Aber er schaut nicht nur gut, sondern auch zufrieden aus. Und das bereits seit Wochen. Mir scheint, als haben sein Körper und sein Geist wieder zueinandergefunden. Nach den schlimmen Phasen im vergangenen Jahr und dem starken Abbau habe ich den Eindruck, dass trotz der Alzheimer, alles wieder zusammenpasst. Natürlich ist mein Paps krank, aber er strahlt seit einigen Wochen eine Zufriedenheit aus gerade so als sei er wieder bei sich angekommen. Und genau das ist es, was ich mir für ihn so sehr gewünscht habe, dass er endlich bei sich ankommt, dass er sich innerlich beruhigt, damit auch ich mich innerlich beruhigen kann.

In der Ruhe liegt die Kraft

Konfuzius

Bobbele

So sitzen wir heute Nachmittag wieder auf seine Terrasse. Nur wir zwei. Singen, lachen und reden über dies und das. Ich frage ihn, ob es ihm gut geht. Insgesamt dreimal. Zweimal läuft meine Frage durch ihn durch, beim dritten Mal, schießt es aus ihm heraus: „Ja klar“, ist seine Antwort auf meine Frage. Ja klar, was frage ich überhaupt, ich seh doch, dass es ihm gut geht.

Bei meinen Besuchen in den vergangenen Wochen, hat er fast immer meinen Namen zu mir gesagt. Das ist schön. Deshalb frage ich ihn auch heute: „Weißt du wer ich bin.“ „Nein“, lautet seine Antwort. „Schade sage ich, „vielleicht weißt du es ja beim nächsten Mal wieder.“ Und wir lachen zusammen. Es vergeht eine kurze Zeit, eine Lied von seiner Playlist vielleicht. Auf einmal sagt er „Bobbele“. „Jaaaa“, meine erfreute Antwort. Das bin ich: Bobbele. So hat mich mein Paps immer genannt, als ich noch ein kleines Kind war.

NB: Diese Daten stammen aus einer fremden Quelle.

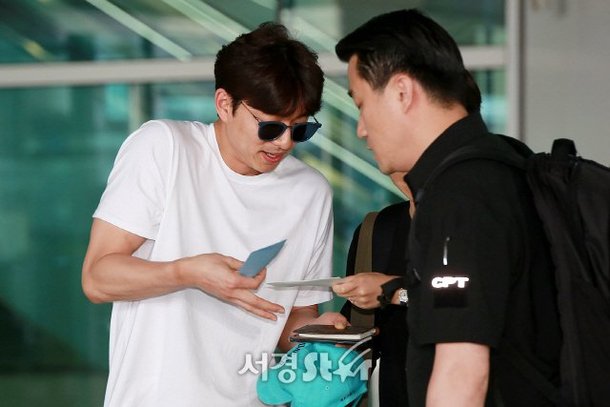 Fashion Bandara Terbaru Gong Yoo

Papa und ich auf seiner Terrasse

Bevor ich gehe, machen wir noch ein Selfie zusammen. Ich liebe das und es klappt auch ganz gut. Als ich dann zuhause bin und mir das Foto anschaue, kann ich es kaum fassen, wie nah wir wieder beieinander sein dürfen und können. Genießen wir es, solange es noch geht. Genießen wir die Sommerzeit auf Papas Terrassen und hoffen wir auf noch viele weitere Terrassengeschichten in einer innerlich beruhigten Zeit.